According to a blog post by investor Sam Altman, Wong resigned due to a disagreement about the price and location of a new Reddit office: “To be clear, though, we didn’t ask or suggest that he resign — he decided to,” Altman wrote.

Indeed, Ohanian’s announcement post reveals that the new Reddit office will be in San Francisco, and that the RedditGifts team will be moving there. The head of that team, Dan McComas, will become SVP of product.

Reddit has become kind of a big deal lately, having raised $50 million in Series B on a $500 million valuation led by Andreessen Horowitz and Sequoia Capital, with Peter Thiel, Ron Conway, Jared Leto, Joshua Kushner, Jessica Livingston, Kevin and Julia Hartz and Snoop Dogg participating. Basically the “Fantasy Football” of startup investors. It’s also grown from 35 million uniques a month in 2011 to 175 million uniques (and 5 billion monthly page views) and acquired the largest mobile Reddit aggregator, Alien Blue.

But with scale comes growing pains, most notably “The Fappening,” a release of celebrity nudes that called the site’s morals and ethics policies into question, and a brief controversy around Yishan Wong’s comments to a former employee.

When I asked Ohanian about how he thought “the Fappening” was handled, and how he looked at other offensive subreddits like /r/cutedeadcorpses, he acknowledged that the latter incident had taught the team quite a bit.

“The vast majority of the content is benign or good. The 175 million people who use Reddit overwhelmingly use it for good,” he said. “The important thing for us is to develop tech that allows the site to flourish, but also allows the best of the site to come through. And users need to feel safe using the platform, and that’s hard to figure out. I’m confident we’re going to figure this out. We have an opportunity to really set a standard.”

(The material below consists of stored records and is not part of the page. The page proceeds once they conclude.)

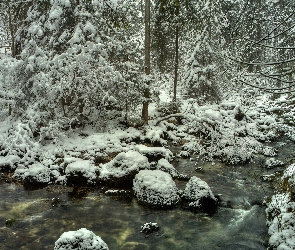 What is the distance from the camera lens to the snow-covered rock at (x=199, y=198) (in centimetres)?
916

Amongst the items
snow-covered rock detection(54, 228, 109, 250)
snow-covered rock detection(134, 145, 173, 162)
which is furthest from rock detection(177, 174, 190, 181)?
snow-covered rock detection(54, 228, 109, 250)

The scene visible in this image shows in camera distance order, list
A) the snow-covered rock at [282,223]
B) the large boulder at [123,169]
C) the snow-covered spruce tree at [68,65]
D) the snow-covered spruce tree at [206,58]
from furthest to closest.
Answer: the snow-covered spruce tree at [206,58], the snow-covered spruce tree at [68,65], the large boulder at [123,169], the snow-covered rock at [282,223]

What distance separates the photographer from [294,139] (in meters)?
16.5

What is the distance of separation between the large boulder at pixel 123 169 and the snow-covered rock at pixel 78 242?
4422 millimetres

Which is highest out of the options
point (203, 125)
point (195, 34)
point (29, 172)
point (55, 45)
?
point (195, 34)

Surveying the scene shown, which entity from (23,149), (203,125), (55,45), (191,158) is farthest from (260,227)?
(55,45)

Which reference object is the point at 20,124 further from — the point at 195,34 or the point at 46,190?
the point at 195,34

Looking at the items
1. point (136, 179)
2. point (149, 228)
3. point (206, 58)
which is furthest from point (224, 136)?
point (206, 58)

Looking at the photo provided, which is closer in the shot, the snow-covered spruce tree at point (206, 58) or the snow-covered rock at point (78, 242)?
the snow-covered rock at point (78, 242)

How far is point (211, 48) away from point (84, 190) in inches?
626

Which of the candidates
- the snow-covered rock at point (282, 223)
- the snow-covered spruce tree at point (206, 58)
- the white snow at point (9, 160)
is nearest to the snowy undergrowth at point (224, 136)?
the snow-covered spruce tree at point (206, 58)

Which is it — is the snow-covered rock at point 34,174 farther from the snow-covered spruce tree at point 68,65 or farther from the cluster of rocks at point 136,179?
the snow-covered spruce tree at point 68,65

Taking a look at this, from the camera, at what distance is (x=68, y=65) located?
14797 millimetres

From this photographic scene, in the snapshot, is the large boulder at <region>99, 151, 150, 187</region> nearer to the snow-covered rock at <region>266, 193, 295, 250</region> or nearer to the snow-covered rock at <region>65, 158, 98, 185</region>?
the snow-covered rock at <region>65, 158, 98, 185</region> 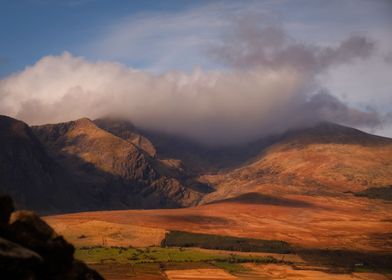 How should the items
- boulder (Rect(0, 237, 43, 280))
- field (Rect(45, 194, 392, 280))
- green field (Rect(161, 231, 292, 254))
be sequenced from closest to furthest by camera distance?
1. boulder (Rect(0, 237, 43, 280))
2. field (Rect(45, 194, 392, 280))
3. green field (Rect(161, 231, 292, 254))

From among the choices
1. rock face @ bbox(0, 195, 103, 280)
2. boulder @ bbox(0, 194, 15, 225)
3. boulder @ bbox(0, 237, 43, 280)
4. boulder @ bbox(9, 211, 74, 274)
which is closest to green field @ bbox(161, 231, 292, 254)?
rock face @ bbox(0, 195, 103, 280)

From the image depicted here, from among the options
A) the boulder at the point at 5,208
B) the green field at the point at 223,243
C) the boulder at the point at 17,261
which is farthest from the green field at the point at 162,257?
the boulder at the point at 17,261

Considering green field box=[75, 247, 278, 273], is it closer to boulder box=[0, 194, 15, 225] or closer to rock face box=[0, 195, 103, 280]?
rock face box=[0, 195, 103, 280]

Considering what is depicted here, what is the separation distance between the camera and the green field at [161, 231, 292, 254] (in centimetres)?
17100

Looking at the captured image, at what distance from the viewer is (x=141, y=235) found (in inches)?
7426

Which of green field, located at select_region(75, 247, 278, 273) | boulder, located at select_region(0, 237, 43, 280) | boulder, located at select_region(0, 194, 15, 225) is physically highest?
boulder, located at select_region(0, 194, 15, 225)

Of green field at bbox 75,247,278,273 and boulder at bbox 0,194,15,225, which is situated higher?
boulder at bbox 0,194,15,225

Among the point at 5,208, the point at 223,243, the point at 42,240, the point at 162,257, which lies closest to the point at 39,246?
the point at 42,240

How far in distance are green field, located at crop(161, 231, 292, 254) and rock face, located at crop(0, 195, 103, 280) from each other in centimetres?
14296

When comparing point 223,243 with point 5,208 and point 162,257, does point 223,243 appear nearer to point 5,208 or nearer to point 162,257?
point 162,257

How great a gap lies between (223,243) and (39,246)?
159907 mm

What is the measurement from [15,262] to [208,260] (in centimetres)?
11751

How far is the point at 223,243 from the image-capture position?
183625 millimetres

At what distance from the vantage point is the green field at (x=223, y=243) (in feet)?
561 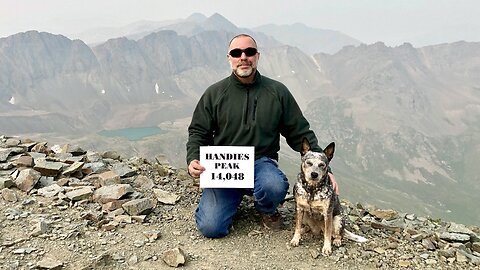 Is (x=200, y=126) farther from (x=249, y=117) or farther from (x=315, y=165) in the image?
(x=315, y=165)

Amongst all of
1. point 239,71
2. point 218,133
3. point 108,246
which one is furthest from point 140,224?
point 239,71

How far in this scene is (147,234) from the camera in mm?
7316

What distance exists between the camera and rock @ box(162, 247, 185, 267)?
21.2 feet

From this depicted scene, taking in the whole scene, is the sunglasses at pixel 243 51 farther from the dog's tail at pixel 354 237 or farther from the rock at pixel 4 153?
the rock at pixel 4 153

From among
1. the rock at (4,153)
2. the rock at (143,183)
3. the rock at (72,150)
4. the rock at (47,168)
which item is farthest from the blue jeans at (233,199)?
the rock at (4,153)

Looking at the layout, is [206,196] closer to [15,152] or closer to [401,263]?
[401,263]

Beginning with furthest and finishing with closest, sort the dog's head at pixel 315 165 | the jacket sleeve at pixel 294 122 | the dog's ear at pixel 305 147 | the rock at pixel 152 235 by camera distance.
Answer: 1. the jacket sleeve at pixel 294 122
2. the rock at pixel 152 235
3. the dog's ear at pixel 305 147
4. the dog's head at pixel 315 165

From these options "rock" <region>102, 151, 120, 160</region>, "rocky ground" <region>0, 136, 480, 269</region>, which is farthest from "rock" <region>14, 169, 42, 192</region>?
"rock" <region>102, 151, 120, 160</region>

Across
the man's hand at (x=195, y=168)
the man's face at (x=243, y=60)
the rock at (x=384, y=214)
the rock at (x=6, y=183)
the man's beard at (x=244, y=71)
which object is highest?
the man's face at (x=243, y=60)

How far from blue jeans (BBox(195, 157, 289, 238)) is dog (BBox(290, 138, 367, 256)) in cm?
50

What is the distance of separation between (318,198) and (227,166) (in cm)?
168

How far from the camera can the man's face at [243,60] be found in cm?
727

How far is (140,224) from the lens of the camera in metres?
7.79

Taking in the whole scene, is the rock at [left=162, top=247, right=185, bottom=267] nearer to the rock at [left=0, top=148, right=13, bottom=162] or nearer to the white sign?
the white sign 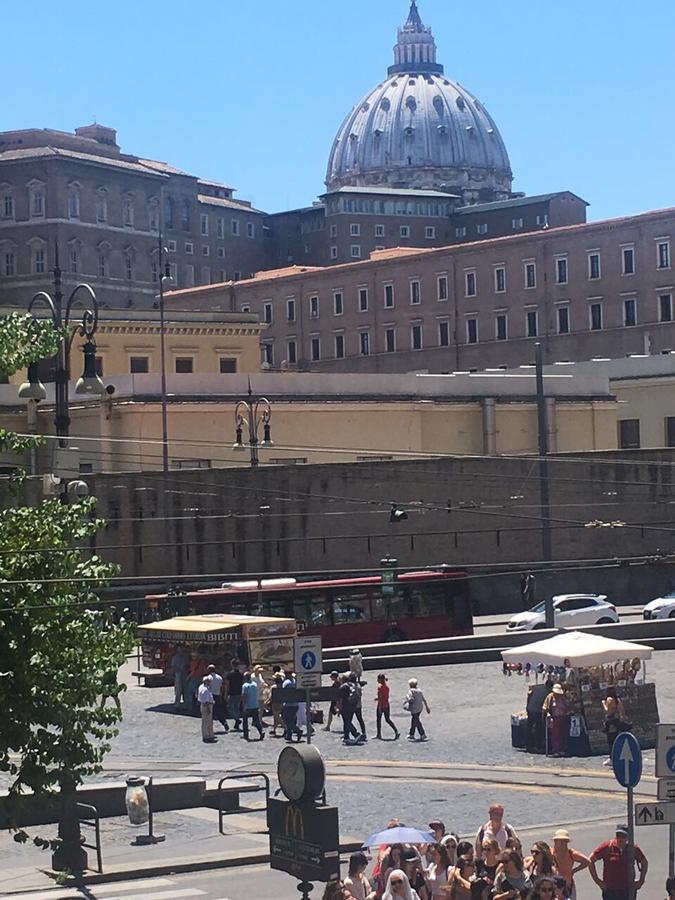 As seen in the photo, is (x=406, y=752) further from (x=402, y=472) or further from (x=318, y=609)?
(x=402, y=472)

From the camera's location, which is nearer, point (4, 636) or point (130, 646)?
point (4, 636)

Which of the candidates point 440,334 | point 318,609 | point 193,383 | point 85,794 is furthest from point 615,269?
point 85,794

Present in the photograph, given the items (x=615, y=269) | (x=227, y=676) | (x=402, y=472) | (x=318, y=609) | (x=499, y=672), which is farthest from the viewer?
(x=615, y=269)

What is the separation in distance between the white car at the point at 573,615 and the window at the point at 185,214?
8953cm

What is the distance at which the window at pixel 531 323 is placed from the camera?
96.3m

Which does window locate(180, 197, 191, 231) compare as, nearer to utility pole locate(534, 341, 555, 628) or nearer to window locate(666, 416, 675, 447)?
window locate(666, 416, 675, 447)

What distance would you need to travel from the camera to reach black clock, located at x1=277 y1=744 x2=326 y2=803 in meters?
14.7

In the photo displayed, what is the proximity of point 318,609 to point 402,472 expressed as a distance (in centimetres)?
1221

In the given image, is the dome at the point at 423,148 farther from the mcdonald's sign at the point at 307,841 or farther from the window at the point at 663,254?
the mcdonald's sign at the point at 307,841

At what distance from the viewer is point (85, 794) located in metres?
22.6

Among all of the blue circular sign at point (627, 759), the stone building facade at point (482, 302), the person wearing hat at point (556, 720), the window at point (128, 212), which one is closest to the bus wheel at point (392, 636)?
the person wearing hat at point (556, 720)

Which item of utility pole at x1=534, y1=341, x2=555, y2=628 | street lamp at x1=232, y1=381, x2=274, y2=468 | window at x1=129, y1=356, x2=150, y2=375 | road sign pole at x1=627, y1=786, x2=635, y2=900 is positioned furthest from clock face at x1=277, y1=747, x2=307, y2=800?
window at x1=129, y1=356, x2=150, y2=375

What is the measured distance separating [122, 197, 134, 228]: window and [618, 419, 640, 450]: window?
54832mm

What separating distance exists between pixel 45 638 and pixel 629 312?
81.0 m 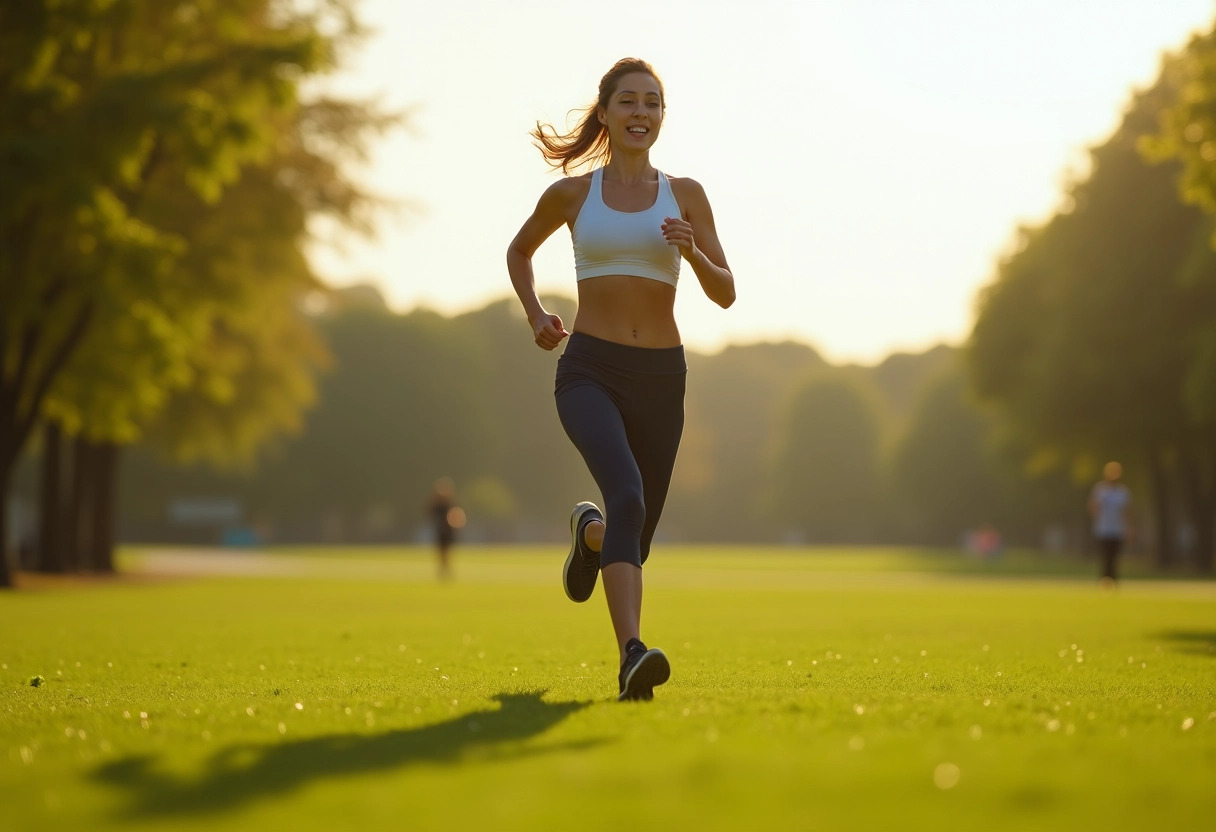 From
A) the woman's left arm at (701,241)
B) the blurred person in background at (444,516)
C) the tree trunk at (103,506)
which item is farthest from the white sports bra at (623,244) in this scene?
the tree trunk at (103,506)

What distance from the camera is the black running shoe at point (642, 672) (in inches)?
237

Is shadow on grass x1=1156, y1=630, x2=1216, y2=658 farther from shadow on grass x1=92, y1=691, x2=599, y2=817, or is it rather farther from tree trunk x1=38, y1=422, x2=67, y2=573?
tree trunk x1=38, y1=422, x2=67, y2=573

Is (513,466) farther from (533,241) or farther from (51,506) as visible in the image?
(533,241)

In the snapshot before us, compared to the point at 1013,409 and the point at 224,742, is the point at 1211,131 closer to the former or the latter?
the point at 224,742

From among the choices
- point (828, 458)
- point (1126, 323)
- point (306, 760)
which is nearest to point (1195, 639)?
point (306, 760)

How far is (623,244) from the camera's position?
6875 mm

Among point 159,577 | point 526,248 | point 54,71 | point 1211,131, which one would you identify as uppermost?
point 54,71

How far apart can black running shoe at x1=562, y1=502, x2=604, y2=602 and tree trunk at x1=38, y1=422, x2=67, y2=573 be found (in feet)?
83.6

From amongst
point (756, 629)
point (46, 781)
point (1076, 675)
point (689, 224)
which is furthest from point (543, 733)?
point (756, 629)

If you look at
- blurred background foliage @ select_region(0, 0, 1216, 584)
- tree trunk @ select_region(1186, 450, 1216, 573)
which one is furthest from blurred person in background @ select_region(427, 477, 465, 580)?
tree trunk @ select_region(1186, 450, 1216, 573)

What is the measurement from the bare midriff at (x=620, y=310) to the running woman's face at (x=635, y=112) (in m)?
0.65

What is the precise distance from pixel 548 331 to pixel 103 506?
2934cm

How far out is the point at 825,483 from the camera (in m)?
104

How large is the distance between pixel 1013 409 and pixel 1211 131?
28.9 meters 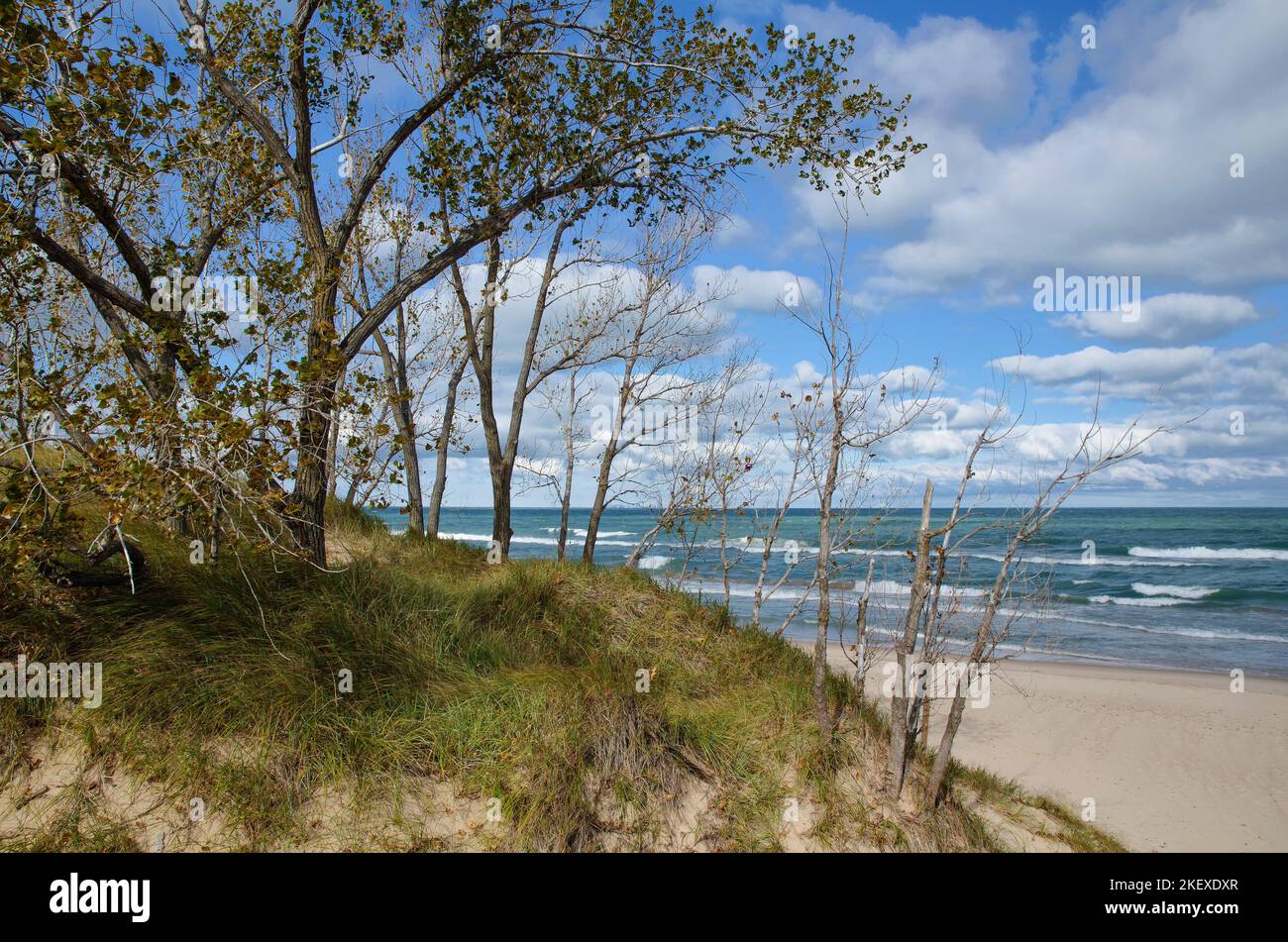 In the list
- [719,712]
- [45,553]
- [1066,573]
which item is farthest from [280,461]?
[1066,573]

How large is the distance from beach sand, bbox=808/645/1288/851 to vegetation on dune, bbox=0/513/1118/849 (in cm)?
261

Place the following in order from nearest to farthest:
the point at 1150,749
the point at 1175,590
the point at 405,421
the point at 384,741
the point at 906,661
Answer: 1. the point at 384,741
2. the point at 906,661
3. the point at 1150,749
4. the point at 405,421
5. the point at 1175,590

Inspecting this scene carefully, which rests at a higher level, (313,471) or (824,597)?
(313,471)

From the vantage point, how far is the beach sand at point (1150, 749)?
9.14 m

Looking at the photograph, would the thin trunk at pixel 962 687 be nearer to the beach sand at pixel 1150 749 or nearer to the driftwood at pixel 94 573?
the beach sand at pixel 1150 749

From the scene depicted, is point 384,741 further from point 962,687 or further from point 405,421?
point 405,421

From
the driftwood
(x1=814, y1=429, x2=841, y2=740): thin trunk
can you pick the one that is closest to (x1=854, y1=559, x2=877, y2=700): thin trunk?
(x1=814, y1=429, x2=841, y2=740): thin trunk

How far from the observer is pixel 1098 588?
26.6 meters

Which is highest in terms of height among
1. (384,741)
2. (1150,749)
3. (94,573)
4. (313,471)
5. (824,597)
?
(313,471)

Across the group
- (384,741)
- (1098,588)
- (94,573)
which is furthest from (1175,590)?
(94,573)

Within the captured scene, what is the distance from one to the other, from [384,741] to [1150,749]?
1199 cm

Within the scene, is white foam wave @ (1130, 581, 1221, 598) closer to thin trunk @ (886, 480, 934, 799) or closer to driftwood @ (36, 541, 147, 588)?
thin trunk @ (886, 480, 934, 799) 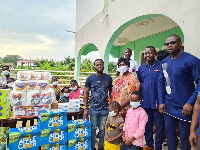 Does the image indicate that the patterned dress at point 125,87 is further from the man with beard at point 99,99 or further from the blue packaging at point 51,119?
the blue packaging at point 51,119

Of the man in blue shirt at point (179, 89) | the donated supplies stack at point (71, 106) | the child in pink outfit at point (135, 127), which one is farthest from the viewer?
the donated supplies stack at point (71, 106)

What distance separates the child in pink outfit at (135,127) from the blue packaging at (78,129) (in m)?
0.70

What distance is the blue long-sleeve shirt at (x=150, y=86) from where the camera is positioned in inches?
117

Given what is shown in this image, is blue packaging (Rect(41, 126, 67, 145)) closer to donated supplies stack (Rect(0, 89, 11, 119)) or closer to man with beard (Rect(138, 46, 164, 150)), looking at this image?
donated supplies stack (Rect(0, 89, 11, 119))

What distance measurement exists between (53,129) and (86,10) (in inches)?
278

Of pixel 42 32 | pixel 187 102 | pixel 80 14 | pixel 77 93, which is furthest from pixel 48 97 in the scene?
pixel 42 32

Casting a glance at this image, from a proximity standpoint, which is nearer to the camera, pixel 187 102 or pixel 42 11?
pixel 187 102

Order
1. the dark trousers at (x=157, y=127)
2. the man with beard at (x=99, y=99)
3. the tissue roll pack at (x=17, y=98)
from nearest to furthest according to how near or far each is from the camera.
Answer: the tissue roll pack at (x=17, y=98)
the dark trousers at (x=157, y=127)
the man with beard at (x=99, y=99)

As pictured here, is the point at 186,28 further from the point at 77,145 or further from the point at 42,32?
the point at 42,32

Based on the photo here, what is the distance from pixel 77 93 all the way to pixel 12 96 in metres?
1.70

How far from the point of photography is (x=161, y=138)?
2.87m

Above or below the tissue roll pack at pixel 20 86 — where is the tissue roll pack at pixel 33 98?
below

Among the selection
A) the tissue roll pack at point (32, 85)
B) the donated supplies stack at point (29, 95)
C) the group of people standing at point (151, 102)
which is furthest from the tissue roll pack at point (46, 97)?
the group of people standing at point (151, 102)

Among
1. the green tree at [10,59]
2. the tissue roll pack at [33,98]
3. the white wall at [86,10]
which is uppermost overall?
the green tree at [10,59] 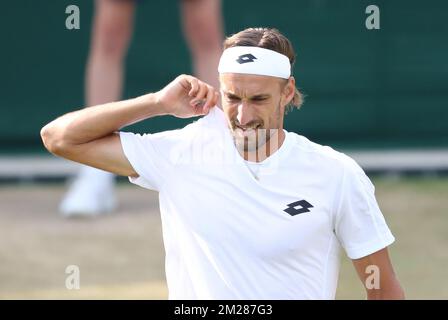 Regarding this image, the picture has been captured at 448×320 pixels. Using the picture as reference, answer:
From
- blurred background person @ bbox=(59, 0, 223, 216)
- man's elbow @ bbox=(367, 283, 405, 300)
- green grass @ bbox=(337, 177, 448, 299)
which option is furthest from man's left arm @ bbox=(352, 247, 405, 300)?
blurred background person @ bbox=(59, 0, 223, 216)

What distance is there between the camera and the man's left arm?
347 cm

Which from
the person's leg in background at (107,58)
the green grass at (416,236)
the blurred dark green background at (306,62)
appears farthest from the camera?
the blurred dark green background at (306,62)

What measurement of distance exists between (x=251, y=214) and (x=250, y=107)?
292 millimetres

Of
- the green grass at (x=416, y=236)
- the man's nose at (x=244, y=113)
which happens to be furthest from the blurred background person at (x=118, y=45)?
the man's nose at (x=244, y=113)

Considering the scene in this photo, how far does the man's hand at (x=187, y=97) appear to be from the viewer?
3.44 m

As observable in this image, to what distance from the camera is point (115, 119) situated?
11.4 feet

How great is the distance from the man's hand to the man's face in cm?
4

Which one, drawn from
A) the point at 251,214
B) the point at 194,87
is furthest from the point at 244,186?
the point at 194,87

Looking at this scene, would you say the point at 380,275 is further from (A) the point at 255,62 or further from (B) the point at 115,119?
(B) the point at 115,119

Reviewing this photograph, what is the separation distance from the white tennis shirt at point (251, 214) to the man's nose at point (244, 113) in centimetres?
10

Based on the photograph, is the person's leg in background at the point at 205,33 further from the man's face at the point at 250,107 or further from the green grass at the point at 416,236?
the man's face at the point at 250,107

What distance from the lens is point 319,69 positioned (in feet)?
30.0

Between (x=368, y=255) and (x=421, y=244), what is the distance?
154 inches

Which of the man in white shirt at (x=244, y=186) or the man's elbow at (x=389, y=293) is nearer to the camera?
the man in white shirt at (x=244, y=186) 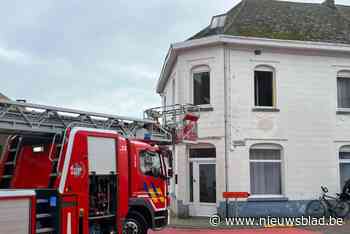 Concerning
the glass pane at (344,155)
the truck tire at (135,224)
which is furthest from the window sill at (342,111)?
the truck tire at (135,224)

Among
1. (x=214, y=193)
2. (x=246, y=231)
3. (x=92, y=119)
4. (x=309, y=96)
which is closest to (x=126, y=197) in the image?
(x=92, y=119)

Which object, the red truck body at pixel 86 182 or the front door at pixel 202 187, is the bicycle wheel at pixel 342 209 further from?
the red truck body at pixel 86 182

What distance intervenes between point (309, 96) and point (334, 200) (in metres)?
4.46

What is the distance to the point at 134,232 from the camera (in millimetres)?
12336

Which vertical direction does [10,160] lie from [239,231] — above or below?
above

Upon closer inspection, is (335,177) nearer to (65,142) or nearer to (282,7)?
(282,7)

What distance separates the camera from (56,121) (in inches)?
420

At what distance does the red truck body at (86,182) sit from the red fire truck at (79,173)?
0.02m

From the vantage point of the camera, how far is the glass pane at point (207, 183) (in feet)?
65.9

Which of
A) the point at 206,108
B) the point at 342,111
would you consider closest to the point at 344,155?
the point at 342,111

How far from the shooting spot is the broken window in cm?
2072

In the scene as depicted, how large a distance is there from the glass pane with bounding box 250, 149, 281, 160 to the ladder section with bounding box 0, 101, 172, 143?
766 centimetres

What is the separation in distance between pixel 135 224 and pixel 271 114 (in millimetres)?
9837

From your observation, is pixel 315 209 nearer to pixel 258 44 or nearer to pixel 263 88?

When asked when we, users and readers, would know what that standard was, Ohanian told me it would be done in “months.”

Ohanian also told me that Reddit draws the line on legality, which is why particularly nasty subreddits like the one linked to above still exist.

“Content like that is offensive,” he said. “That goes without saying. They are the product of giving everyone a printing press. While it is legal, it is offensive. This is what we need to figure out over the next couple of months. ”

When asked how they were figuring it out, new CEO Pao said it was all still very new. “It’s too early to talk about right now.” When asked how she saw the next couple of months shaping up for Reddit, Pao said, “[It will be] bringing people together, continuing to make progress, and working together a new team with Alexis and Dan to push Reddit forward.”

For someone who remembers when Digg “killed” Reddit, it’s pretty amazing to see it become the force it has. But with that comes great responsibility (Reddit has said it will give a portion of equity to its community), and it now has to grow up.